The true test came a couple of days after the board was glassed, when a crossed-up southern hemi and a northwest windswell sent fun peaks up and down Ocean Beach. I waxed up and proudly strolled across the sand, hoping somebody would ask me who'd made the board under my arm. I made my way out to the lineup, immediately stroked into a shoulder-high wedge, got to my feet, projected off the bottom and wrapped the best turn I'd done in months right back into the pocket. I don't know if it's a commentary on my flagging surfing ability or a profound realization that we fuss way too much over minutiae of board design, but the first board I ever made with my own hands worked as well as or better than any board I've bought in the last couple of years.

As it turns out, surfing a board you made yourself is addicting.

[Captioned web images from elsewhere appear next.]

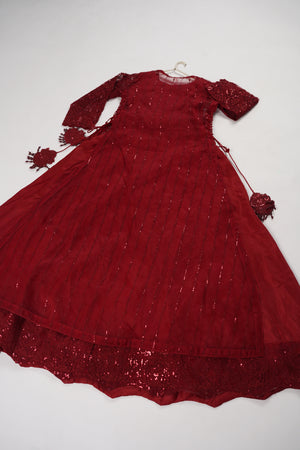 Gul-e-Rung Lehnga Choli uk-01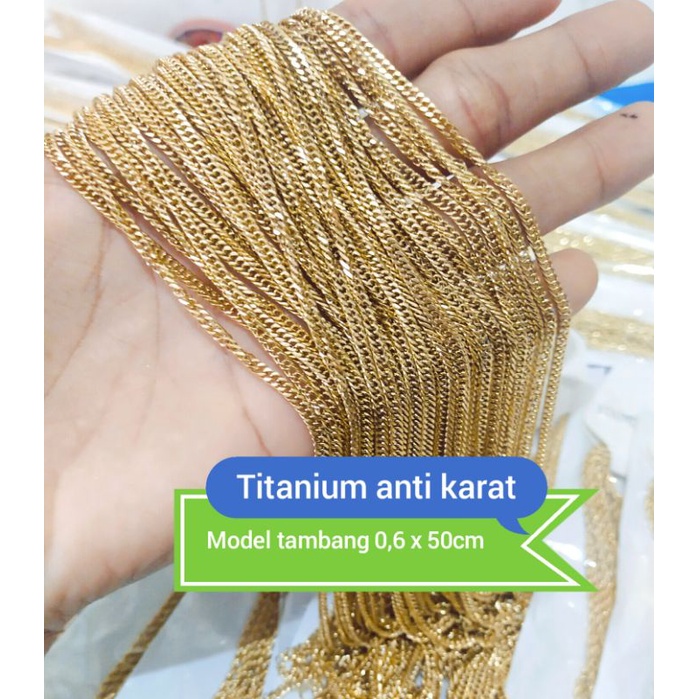 KALUNG TITANIUM IMPORT MTR 50CM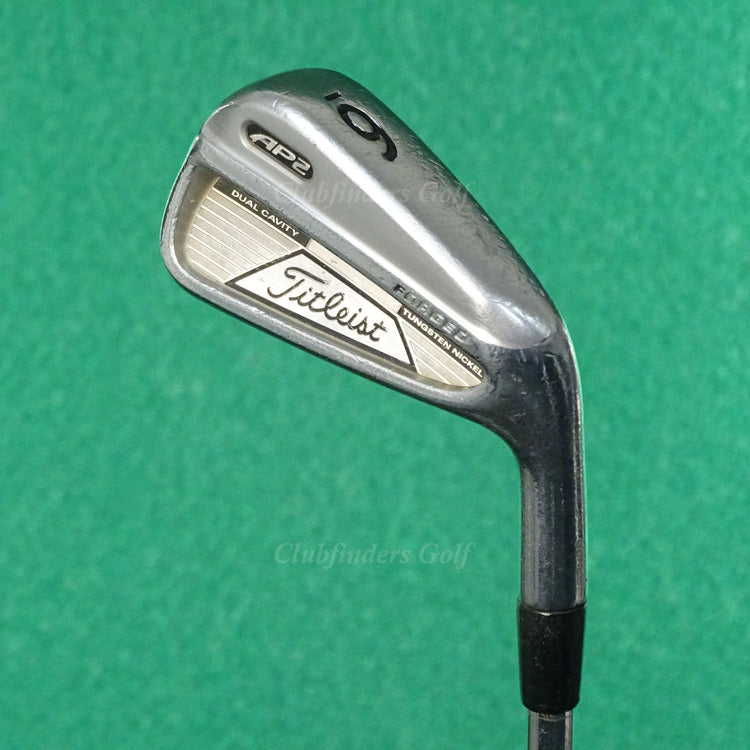 Titleist AP2 Forged Single 6 Iron Project X Rifle 6.0 Steel Stiff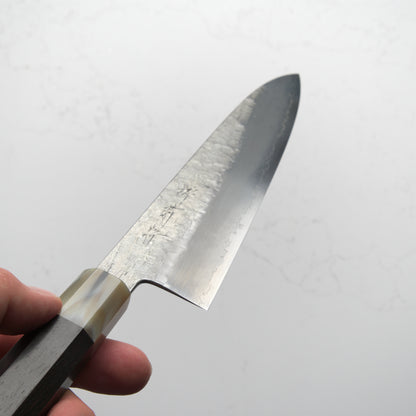 Satoshi Nakagawa Ginsan Tsuchime Gyuto 210mm - Ebony & Blonde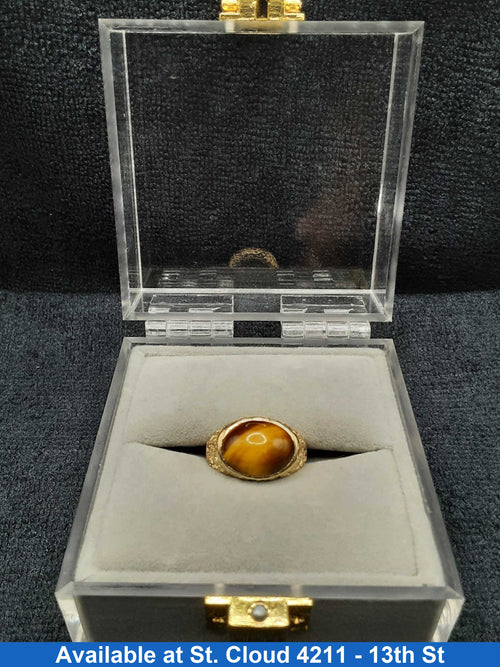 Men's Ring - Men's Cateye Ring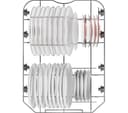 HOOVER H-Dish HI1C5SB1FS-80 Slimline Fully Integrated Dishwasher thumbnail 9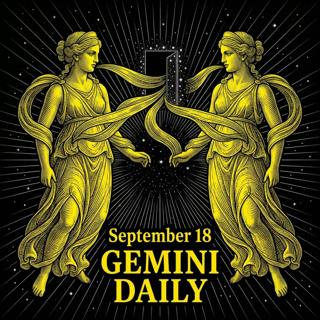Friday, September 18, 2026 Gemini Horoscope Today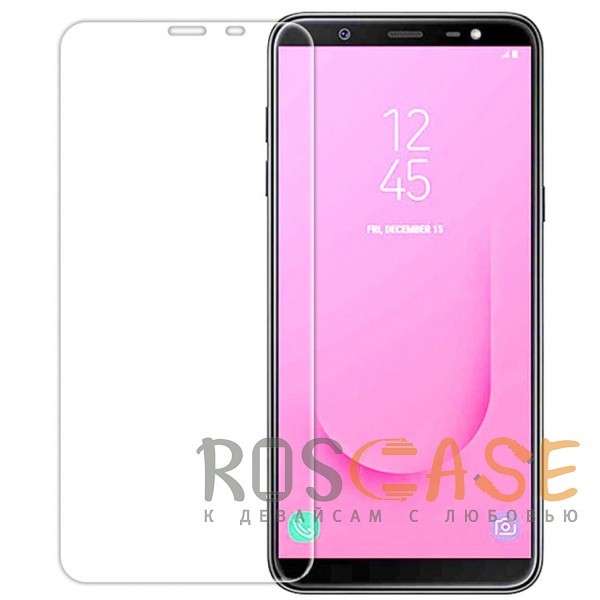 Фото Прозрачное H+ | Защитное стекло для Samsung Galaxy J8 (2018) (картонная упаковка)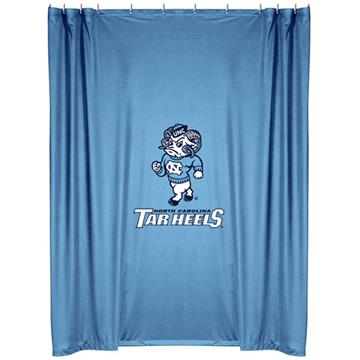 North Carolina Tar Heels Shower Curtain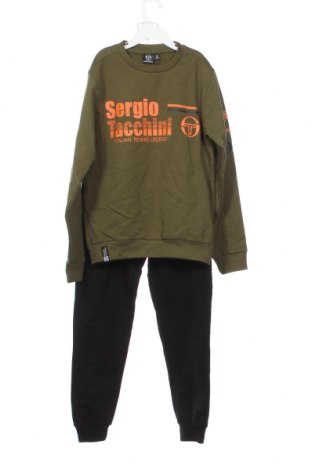 Kinder Trainingsanzug Sergio Tacchini, Größe 9-10y/ 140-146 cm, Farbe Mehrfarbig, Preis 81,20 €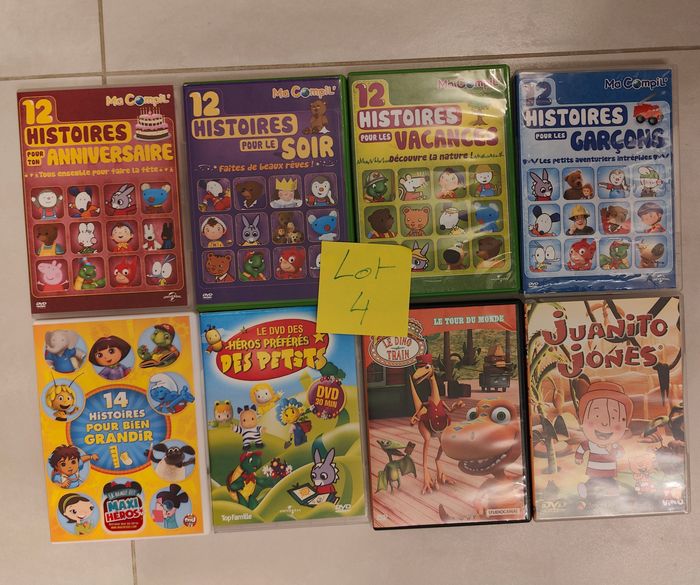 DVD Enfants en lot - photo numéro 3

It connects you, in a small way, with the prior generations of surfers who saw building their own boards as a rite of passage. It deepens your relationship with the other boards in your quiver. It allows you to bring into being something that you've seen only in your mind's eye. It's devilishly difficult, but monumentally rewarding.

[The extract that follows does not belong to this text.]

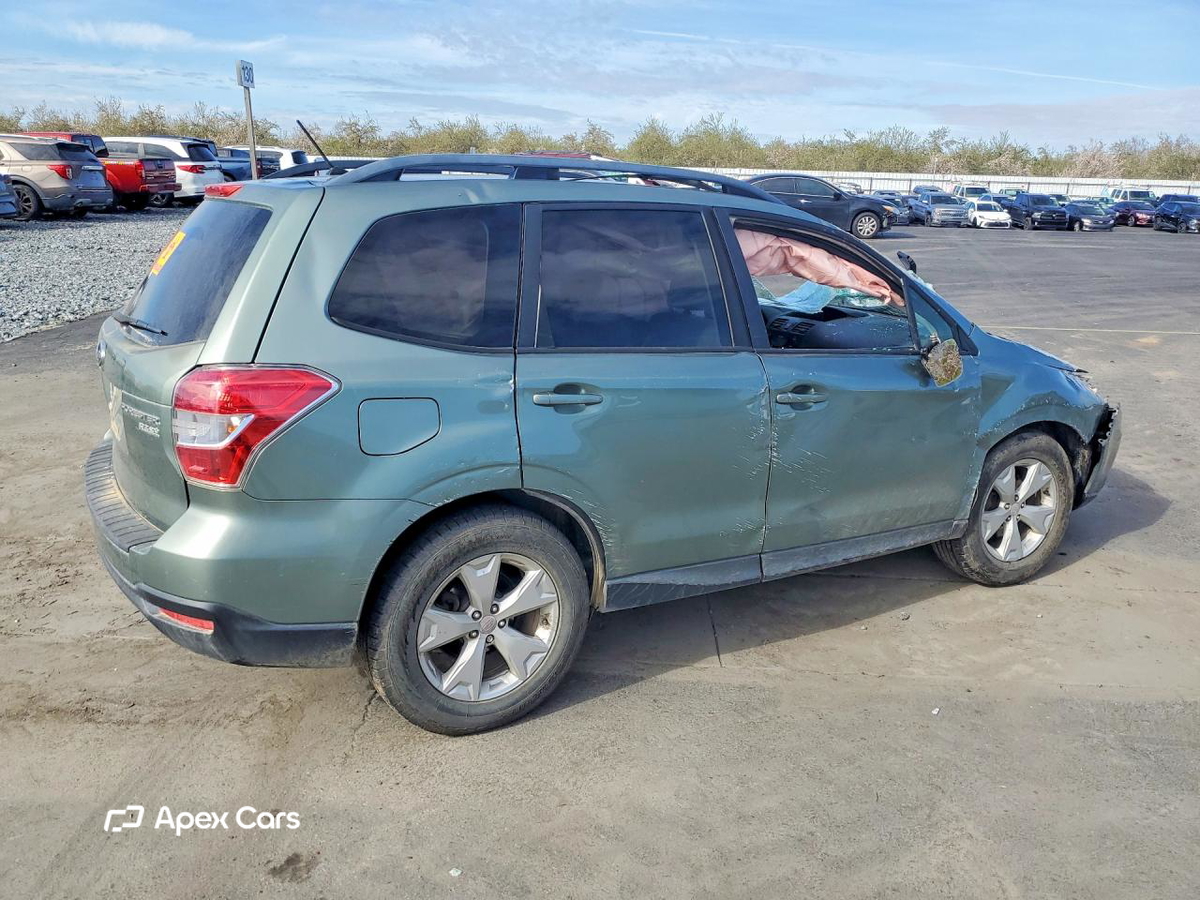 Subaru Forester 2015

To any shapers out there, I'm sorry. If I've ever ordered a board from you and pestered you with naïve and annoying requests for updates, I really, truly feel awful. For the terrible things I've said about you to friends, my wife, random surfers at the beach and harmless non-surfing passersby in the grocery store who no doubt wondered what a "shaper" even was, and why some crazed-eyed weirdo in the checkout line was shouting, "My shaper said it would be eight to 10 weeks and it's been more than 12!" — I'm honestly very sorry about all that. You see, I didn't know how hard it was to actually make a surfboard, nor had I thought much about how amazing it is that, in 2017, so many surfboards are still built by hand. But after finally putting planer to foam and somehow cutting out a serviceable, honest-to-god surfboard, I don't think I'll ever look at surfboards quite the same again.

I'm now taking orders, by the way. I'll have your board to you in eight to 10 weeks. I swear.